A third of parents regret giving their children games consoles, mobile phones and computers, a study reveals today. Having not known life without the internet and technology, parents fear their children are so used to the immediate gratification of digital devices that they are lacking key interpersonal skills such as patience and social and communication skills that develop from taking part in creative activities.

· 73% of parents try to limit their children’s time spent using technology and watching TV but over half end up giving in

· More than two-thirds of parents have tried to confiscate gadgets

· Over half of parents argue with their children over time spent using technology at least once a week

· 62% of parents wish their children were more creative, with 74% admitting they needed to encourage more creative activities

· Less than half of children know how to make a paper aeroplane

With the survey finding that more than half of youngsters have a handheld games console, while another 50% have a games console such as a Nintendo Wii, and four in ten children having a TV in their bedroom, will parents give into their children wanting to watch TV and play on their computers all day – a pastime that children spend 3hrs 5mins doing everyday according to those parents polled, or will they undertake something more creative and fun.

Emma Kenny, Media Psychologist, comments: “Generation C (Connected), who are those born from 2000 onwards are experiencing a different type of childhood than any other generation. It is important to consider the longer-term effects a lack of creative activities in childhood can have, with lack of concentration and patience becoming increasingly evident as well as a lack of problem-solving skills which creative activity helps develop.”

The survey, commissioned by Hobbycraft polled 2,000 parents of children aged 3-16, also revealed that 67%of parents are often left feeling annoyed by the amount of time their children spend sat on their computer or watching TV instead of taking part in more traditional childhood activities. 66% of parents also worry about technology effecting quality time spent as a family, and because of this, 80% are considering buying a creative gift for their child’s next birthday or Christmas instead of a technology based present.

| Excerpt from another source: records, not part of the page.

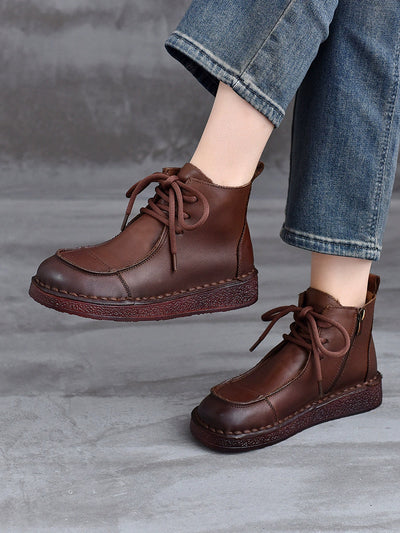 Women Winter Pure Color Genuine Leather Flat Ankle Boots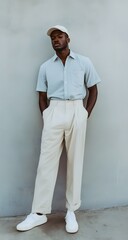 A stylish man poses in front of a plain gray wall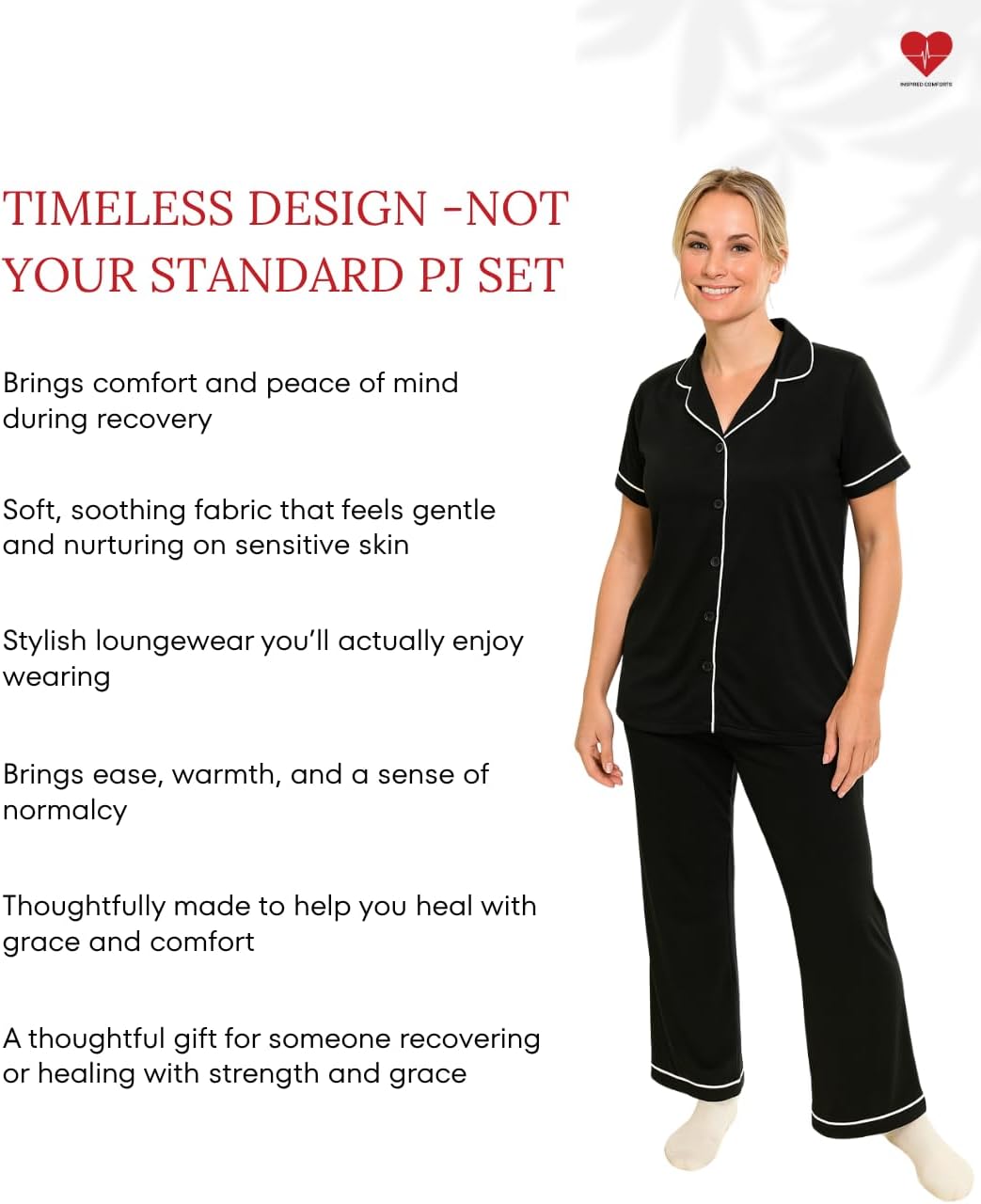 Inspired Comforts Post Surgery Mastectomy Recovery Pajamas Set with Internal Drainage Pockets - Image 4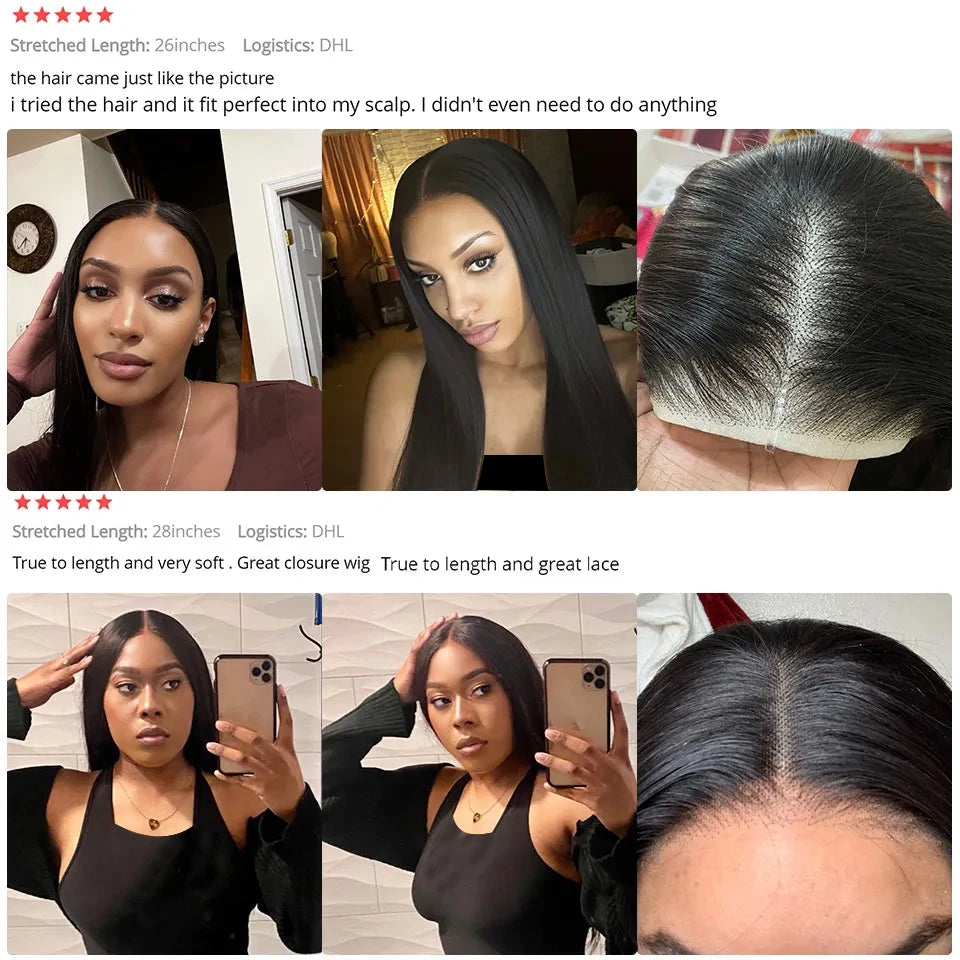 ISEE Hair Glueless Wig Human Hair Ready To Wear Straight Glueless Preplucked Wear And Go Wigs 6X4 HD Lace Front Wigs PreCut Lace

Catriona Marshall, CEO of Hobbycraft, comments: ‘’With so much emphasis placed on children to achieve academically from a young age these days, the beauty of creative activity is that whatever the child creates, regardless of their ability, there is always someone to love, cherish and appreciate it which is great for building their self-esteem and confidence.”

“With the majority of children being given these gadgets by their parents, most mums and dads are finding it difficult to change things now. They face the dilemma of whether to give in and let their kids watch or play what they want, or encourage them to participate in some creative games and activities,” continues Catriona.

Out of all creative activities the most popular was baking a cake, with 49% of children having done this in the past month at home, possibly influenced by the latest cupcake craze. Despite parents’ worry over their children’s creative development 66%of all parents admit to keeping all the drawings their children do.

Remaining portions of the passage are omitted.